Key Concepts and Framework
To formalize this issue, we introduce two assumptions:
- Counterfactual Definiteness: This assumption posits that every variable could potentially yield a definitive outcome, regardless of whether it is measured or not.
- Evaluation Non-Invasiveness: This principle states that the act of evaluating a state does not interfere with the state itself, allowing for accurate assessments independent of the evaluation process.
Under these assumptions, the existence of a joint distribution over all sequential readouts implies a family of testable constraints on pairwise sequential correlations. Violation of these constraints rules out any classical non-invasive account and certifies what we call genuine non-commutativity.
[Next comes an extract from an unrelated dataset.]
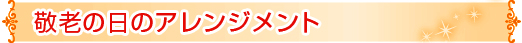  | z|a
Model and Empirical Testing
We provide an explicit three-dimensional rotation model with fully worked numerical examples that exhibits such violations. This model serves as a concrete illustration of how operational non-commutativity manifests in metacognitive judgments.
Additionally, we outline a behavioral paradigm involving:
- Sequential Confidence: Assessing the certainty of decisions made in sequence.
- Error-Likelihood: Evaluating the probability of making an error in judgment.
- Feeling-of-Knowing Judgments: Reflecting on one’s sense of whether the correct answer is known.
These judgments follow a perceptual decision, providing a framework for empirical tests. While our framework is operational and algebraic, we make no claims regarding quantum physical substrates, focusing instead on the implications of our findings within the realm of cognitive science.
Conclusion
The exploration of operational noncommutativity in sequential metacognitive judgments opens new avenues for understanding cognitive processes. By distinguishing between classical state changes and genuine non-commutativity, we pave the way for deeper insights into how humans monitor and regulate their cognitive strategies. Future research will benefit from further empirical validation of our proposed framework and its applications in cognitive psychology.